Updated: November 25, 2015 11:55 PM GMT
Indian dalit Christians and Muslims sit in the rain during a protest rally in August 2012. (Photo by Raveendran/AFP)
The Catholic Church in India is taking its cue from Pope Francis' encyclical on the environment in observing its annual Day for the Liberation of Dalits.
"As we take care of nature, we have to take care of the marginalized and oppressed people in our country," Father Devasagaya Raj, secretary of the Indian Catholic bishops’ office for dalits and lower classes, told ucanews.com.
The priest highlighted the importance of the pope’s encyclical on the environment, Laudato si’, which was addressed to every person on the planet.
When nature is exploited, dalits are also exploited and discriminated by society, he said.
"Let us take a vow to protect the rights of these people and give them their due place in the society," Father Raj said, adding that the encyclical, while talking about saving the climate, also includes the “social climate."
In the encyclical, the pope blamed human greed for the planet's critical environmental emergency.
The Catholic Church in India annually celebrates The Day for the Liberation of Dalits on the nearest Sunday following the U.N. Human Rights Day on Dec. 10.

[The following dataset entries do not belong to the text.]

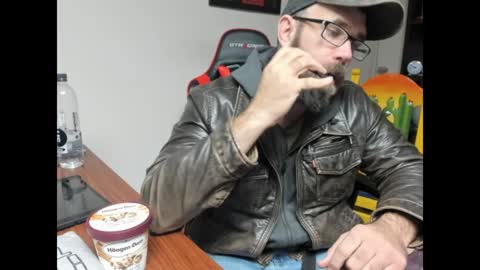 Snapshot of brutalmaster1983 chatting on 01/17/25, 07:05 BRUTALMASTER1983 online show from 01/17/25, 07:05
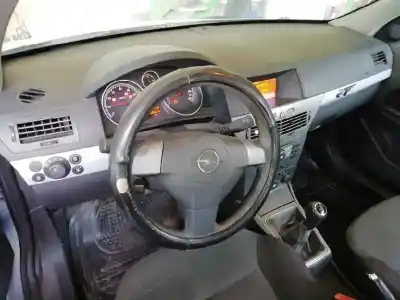 Здавання транспортного засобу opel astra h berlina cosmo року 2004 потужний z16xep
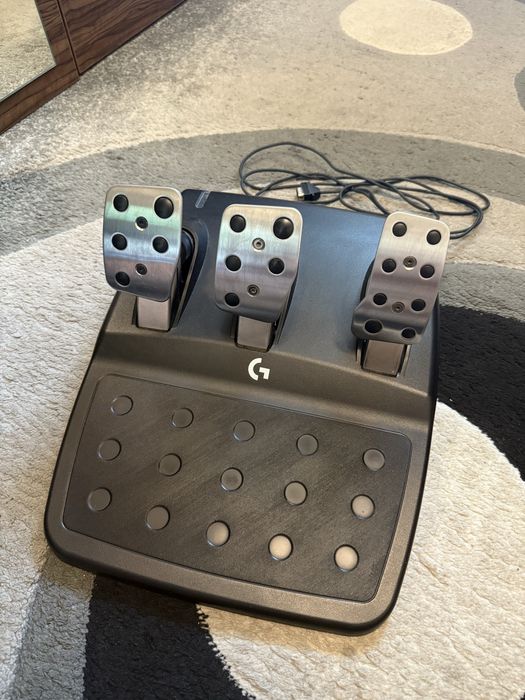 Volan gaming + Schimbator Logitech TrueForce G923 pentru (PC/XBOX ONE)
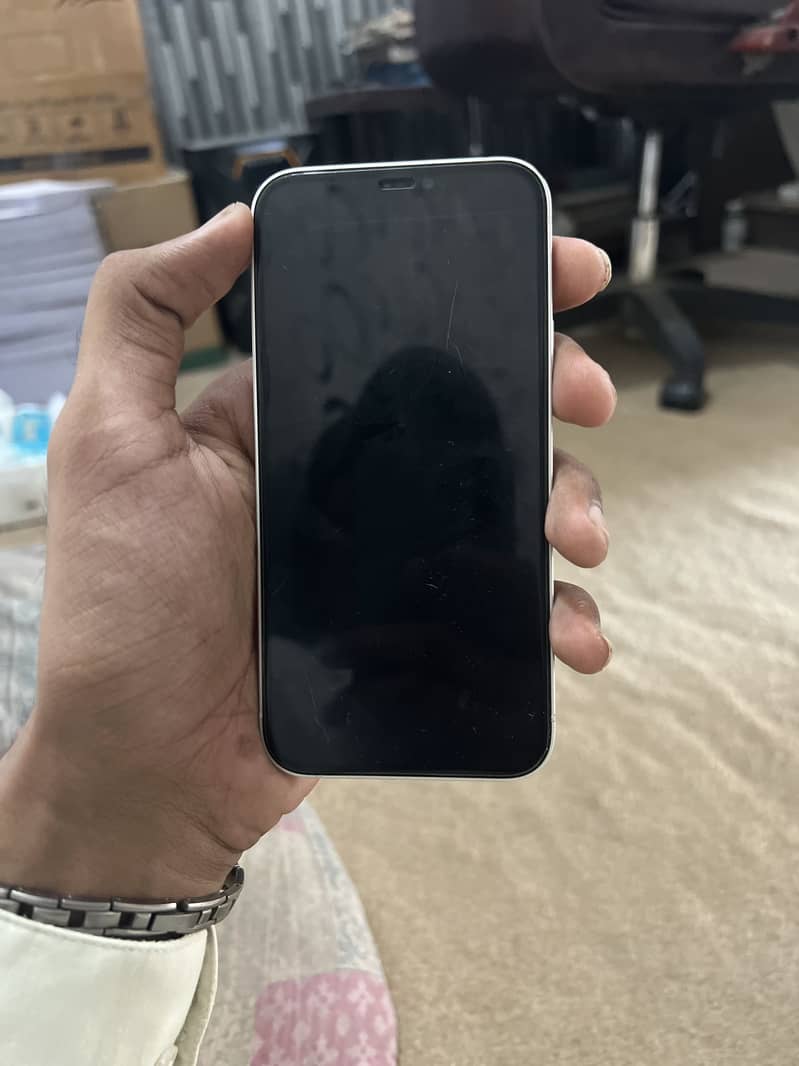 Apple iPhone 12 2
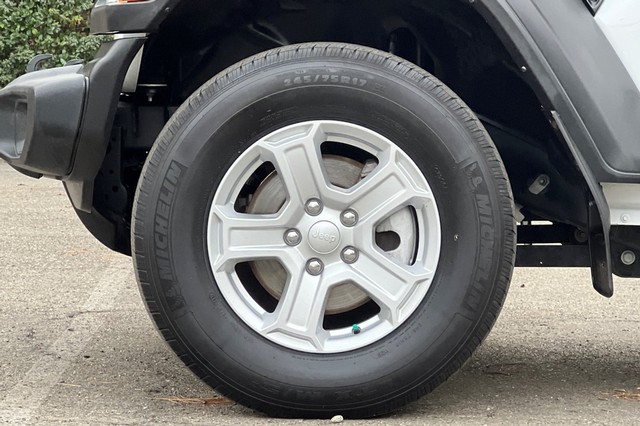 Jeep Wrangler Vehicle Full-screen Gallery Image 43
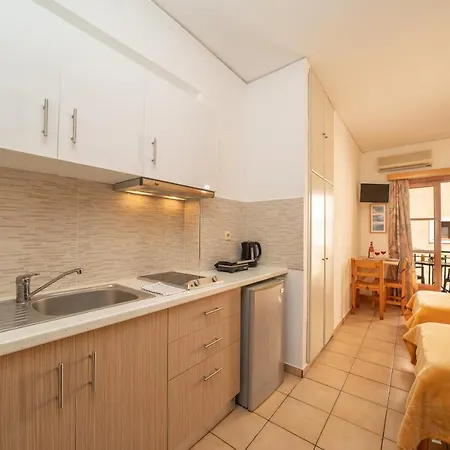 Alexatos & Lägenhetshotell 4*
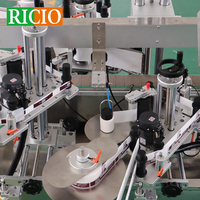 Machine d'étiquetage verticale automatique RICIO OEM pour bouteilles carrées en verre, autocollante, pour étiquettes avant, arrière et supérieures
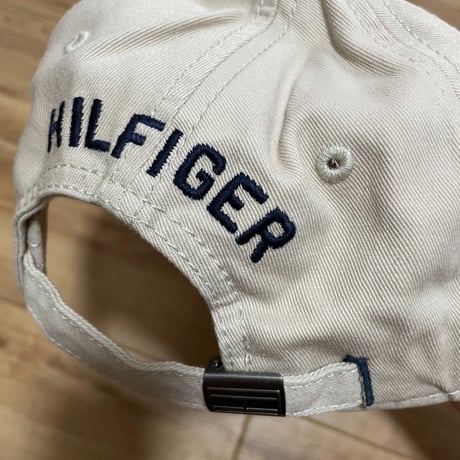 トミーヒルフィガー TOMMY HILFIGER ストラップバック キャップ ベージュ Sフラッグロゴ (2)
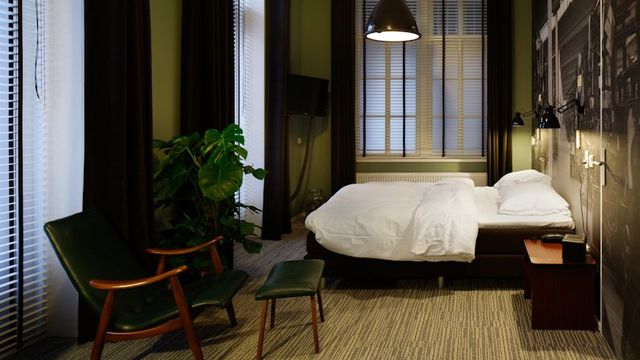 Business suite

Hence, Dec. 13 this year is to be observed at the parish level to educate "our own Catholics about the rights of the dalits," said Father Raj.
There will be special prayers in parish churches and liturgies will be centered around the theme of climate, castes and care for the Earth, he explained.
Indian society comprises the high castes — Brahmins (priests, teachers), Kshatriyas (kings, warriors) and Vaishyas (merchants, artisans). The Sudras (laborers, peasants) make up the lowest caste.
Those not born into these four castes were the outcasts, formerly called untouchables, who are now called dalits, a Sanskrit term meaning "trampled upon."
The dalits have long been the target of disempowerment, oppression and persecution even though the Indian Constitution abolished caste discrimination and made "untouchability" because of religious sanction a punishable offence.
It guarantees quotas, for dalits and other underprivileged classes, in government jobs and in educational institutions.
However, Christian and Muslim dalits are denied these benefits on the grounds that their religions do not recognize the caste system.
Christian dalits in India have been fighting for their rights as enjoyed by their Hindu counterparts for more than half a century.
Church leaders estimate that at least half of India's 23 million Christians are of dalit origin.